[Supplied material Boundary: Start]

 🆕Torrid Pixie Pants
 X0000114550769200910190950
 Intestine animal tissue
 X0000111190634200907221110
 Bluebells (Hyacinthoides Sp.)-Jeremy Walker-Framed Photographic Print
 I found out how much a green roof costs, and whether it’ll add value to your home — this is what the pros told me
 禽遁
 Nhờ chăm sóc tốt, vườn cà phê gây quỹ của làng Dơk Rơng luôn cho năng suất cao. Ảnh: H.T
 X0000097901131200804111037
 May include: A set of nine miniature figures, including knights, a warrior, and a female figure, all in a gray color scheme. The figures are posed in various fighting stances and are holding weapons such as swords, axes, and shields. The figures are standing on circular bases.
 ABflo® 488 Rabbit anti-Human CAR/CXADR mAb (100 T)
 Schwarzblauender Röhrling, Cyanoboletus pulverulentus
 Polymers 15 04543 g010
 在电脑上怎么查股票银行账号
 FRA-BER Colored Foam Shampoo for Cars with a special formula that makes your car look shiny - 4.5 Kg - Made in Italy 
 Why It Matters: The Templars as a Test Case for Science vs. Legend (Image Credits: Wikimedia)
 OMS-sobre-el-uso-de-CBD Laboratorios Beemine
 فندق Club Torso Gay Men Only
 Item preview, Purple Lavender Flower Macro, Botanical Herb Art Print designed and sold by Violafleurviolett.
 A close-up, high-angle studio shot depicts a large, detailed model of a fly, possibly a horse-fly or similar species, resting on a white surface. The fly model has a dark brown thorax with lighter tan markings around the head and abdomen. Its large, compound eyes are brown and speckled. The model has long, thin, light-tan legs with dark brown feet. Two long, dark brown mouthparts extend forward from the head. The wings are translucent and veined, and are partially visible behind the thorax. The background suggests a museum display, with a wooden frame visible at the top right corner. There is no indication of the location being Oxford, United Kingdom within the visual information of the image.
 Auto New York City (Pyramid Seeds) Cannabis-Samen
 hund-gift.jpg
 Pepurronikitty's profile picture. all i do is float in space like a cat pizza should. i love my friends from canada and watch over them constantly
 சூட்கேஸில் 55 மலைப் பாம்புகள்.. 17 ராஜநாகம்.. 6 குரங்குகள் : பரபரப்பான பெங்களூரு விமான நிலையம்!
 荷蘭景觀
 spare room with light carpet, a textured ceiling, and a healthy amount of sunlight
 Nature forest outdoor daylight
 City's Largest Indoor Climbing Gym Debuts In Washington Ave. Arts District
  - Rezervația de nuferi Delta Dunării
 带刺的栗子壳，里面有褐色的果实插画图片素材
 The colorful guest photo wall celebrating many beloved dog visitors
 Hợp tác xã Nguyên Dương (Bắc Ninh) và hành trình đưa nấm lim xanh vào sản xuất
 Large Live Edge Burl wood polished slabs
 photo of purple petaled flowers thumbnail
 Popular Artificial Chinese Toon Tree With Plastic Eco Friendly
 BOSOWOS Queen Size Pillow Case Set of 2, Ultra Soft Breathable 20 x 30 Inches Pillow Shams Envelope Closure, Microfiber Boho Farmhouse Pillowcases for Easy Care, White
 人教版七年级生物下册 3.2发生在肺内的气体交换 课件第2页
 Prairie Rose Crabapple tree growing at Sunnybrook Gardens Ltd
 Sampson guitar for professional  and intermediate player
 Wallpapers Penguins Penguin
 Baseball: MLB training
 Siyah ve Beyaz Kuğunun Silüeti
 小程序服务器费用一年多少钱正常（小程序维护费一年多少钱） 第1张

[Supplied material Boundary: End]

What you have to do:
Which lines of the data above contain the string "Print"? Copy each of them.

Solution to the exercise:
 Bluebells (Hyacinthoides Sp.)-Jeremy Walker-Framed Photographic Print
 Item preview, Purple Lavender Flower Macro, Botanical Herb Art Print designed and sold by Violafleurviolett.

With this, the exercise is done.